Our main inspiration came from how Bumblebee speaks in the Transformers movies, hence "Bumble-B". In the movie, Bumblebee uses the car's radio to speak what he wants to say by splicing audio segments together to form sentences.
What it does
We decided to build an application that does exactly that: pulls audio together from many different online sources and splices them together to form a sentence. A user can type in a desired phrase, and Bumble-B will search through a database word index, find audio clips of each word, and then splice them together at the end.
How we built it
Our main focus was to utilize Google's Speech-to-Text engine to quickly index audio files. This can be done by requesting one of Speech-to-Text's optional parameters,
enable_word_time_offsets , which sends the start and end times of each word that Speech-to-Text recognized. This allowed us to automate the process of splicing large audio files, such as an Obama speech, by allowing Google's Speech-to-Text to analyze each word and find the start and stop times, and simple python code to split and upload each individual word to Google Cloud Storage. Every word is then indexed in a Django RESTful api in order to easily query requests on the front end and pull the relevant audio snippets.
Challenges we ran into
The main challenge we faced and didn't really foresee was the accuracy of Google's Speech-to-Text word time offsets being pretty inaccurate. The Start and Stop times for each word round to the nearest 10th of a second, which is actually a very long time when speaking at a normal speed. This means that instead of getting a single, cleanly cut word, Speech-to-Text would often give back correct speech values, but cause our app to split the file into too long of a clip. For instance, We indexed the "Hi, welcome to Chili's!" vine, and while Speech-to-text accurately named all of the words, the Start and Stop times caused the "welcome" word to also include "hi" and "to" in the trimmed clip due to the large Start and Stop time rounding.

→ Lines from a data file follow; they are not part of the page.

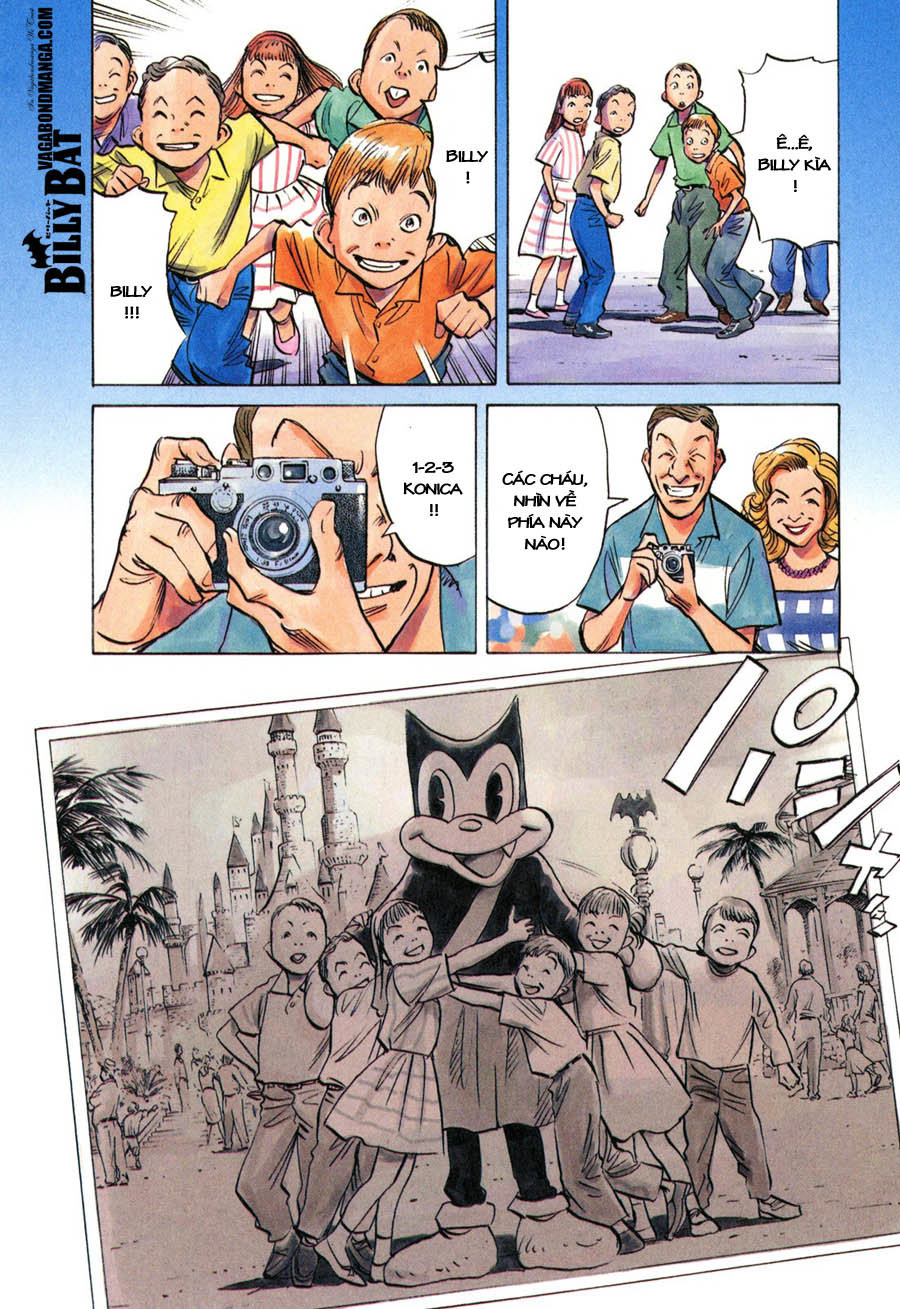 Billy Bat Chapter 28 - Trang 2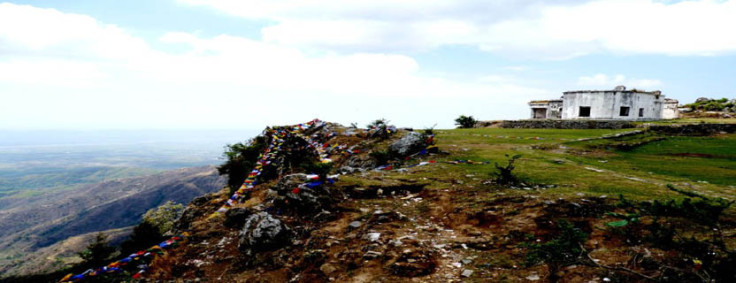 Photo of George Everest's House, Khanij Nagar, Uttarakhand, India by Rashmi Kanti
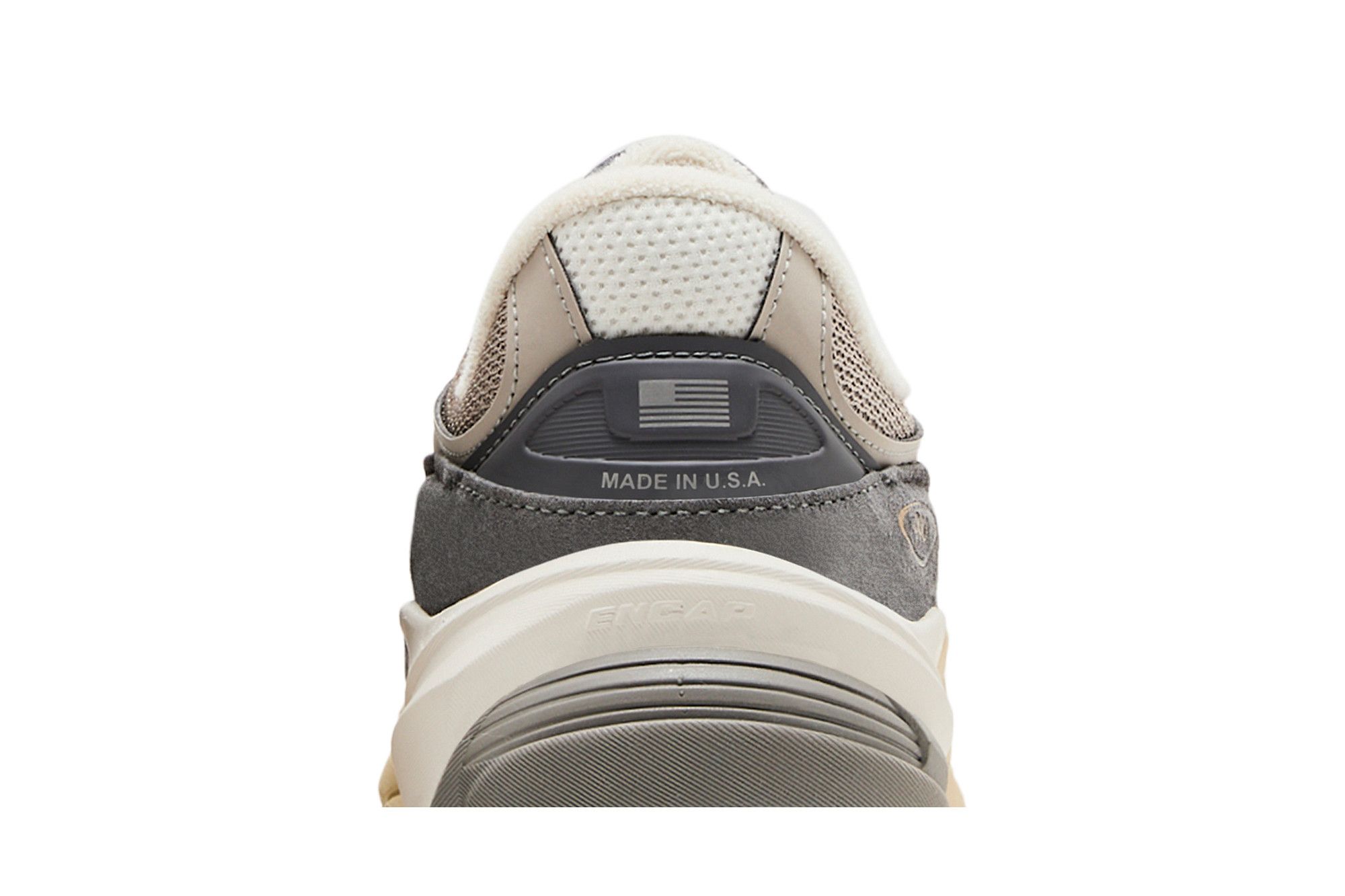 Cheap Teddy Santis x New Balance 990v6 Made in USA 'Castlerock Moonrock' U990GR6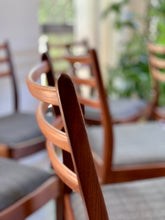 Load image into Gallery viewer, Set of 8 G-Plan Dining Chairs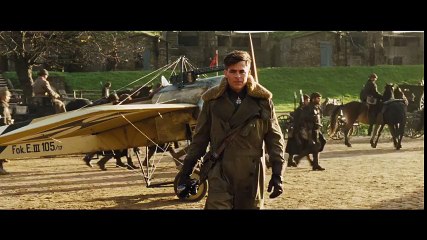 Wonder Woman Official Comic-Con Trailer (2017)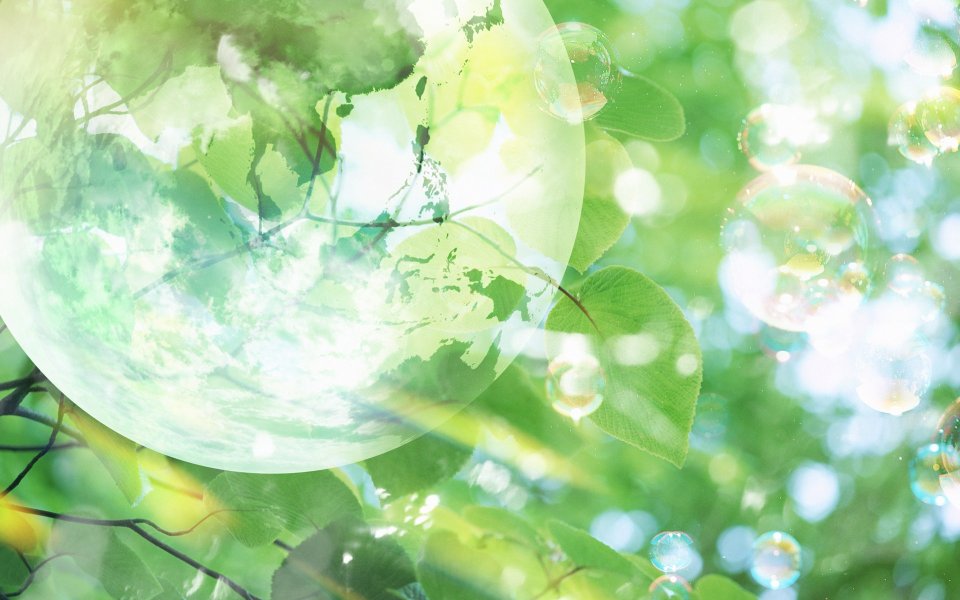 Photo manipulation of 01_Green Earth 165_Greeny_Nature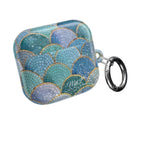 Aqua AirPods Case
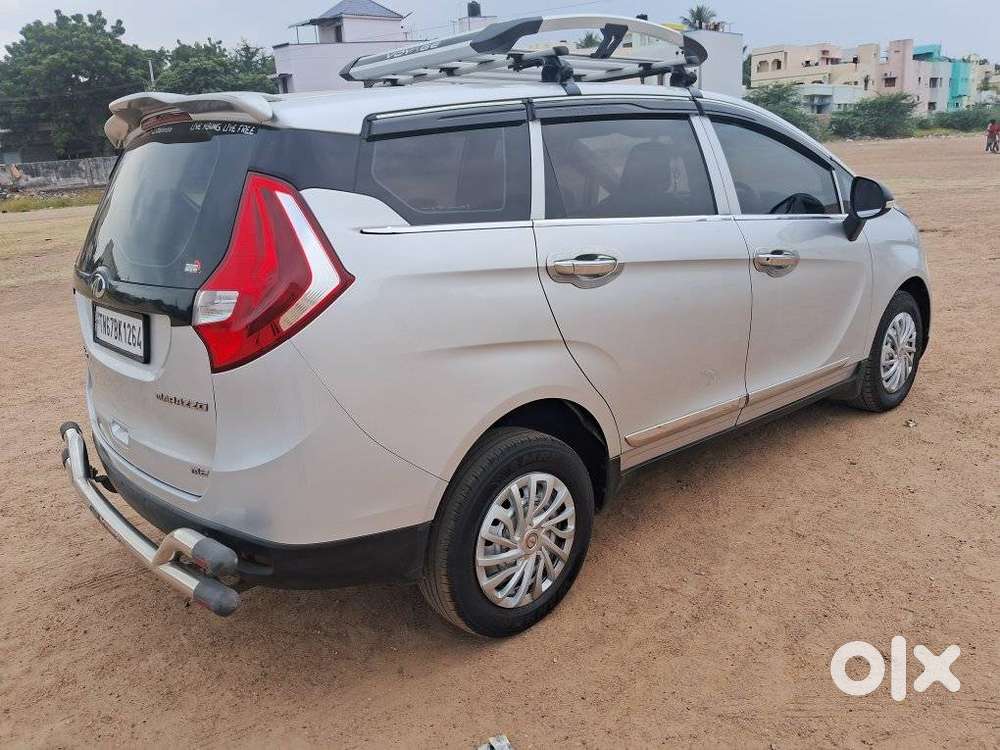 Mahindra Marazzo M2, 2020, Diesel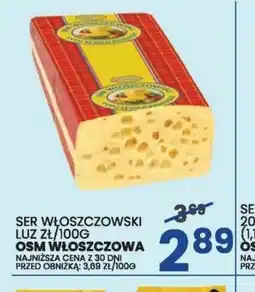 Wafelek OSM Włoszczowa Ser Włoszczowski oferta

Accomplishments that we're proud of
While our auto-indexing system using Google's Speech-to-Text doesn't produce incredible results due to the inaccuracy of the Start time and End time responses, we're proud as a team that we ventured into unknown territory and used a framework that none of us had experience with. Likewise, we're quite proud of how front-end and back-end frameworks came together quickly and effectively.